**Exercise aim:** All of the data below should be printed again exactly, pictures excluded.

**Data provided:**
========================================

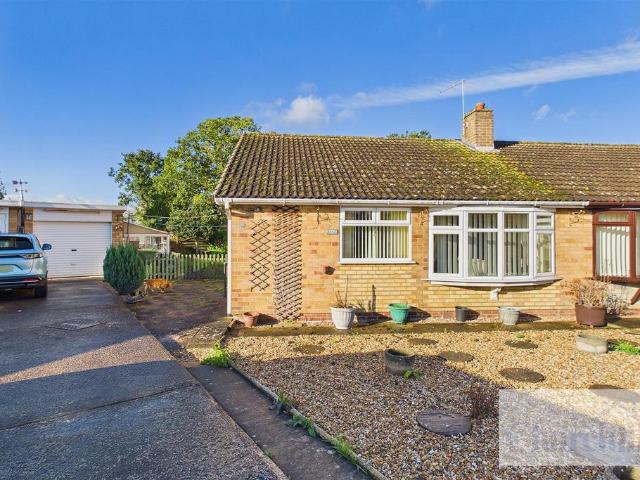 Bungalow for sale in Bishopthorpe, York and North Yorkshire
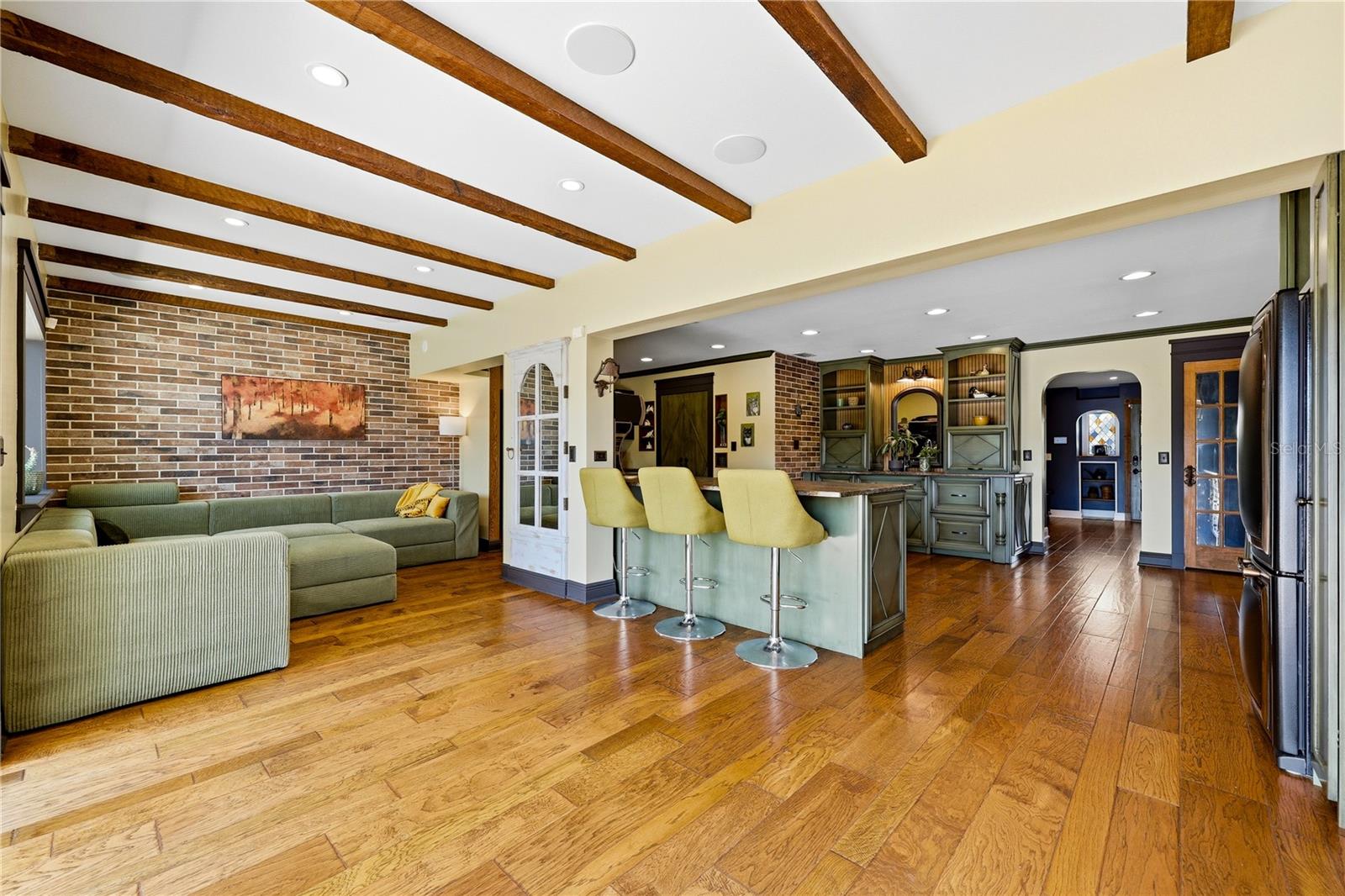 Family room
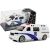 Linhui Models Policijski kombi autić s pakiranjem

========================================

**Task answer:**
 Bungalow for sale in Bishopthorpe, York and North Yorkshire
 Family room
 Linhui Models Policijski kombi autić s pakiranjem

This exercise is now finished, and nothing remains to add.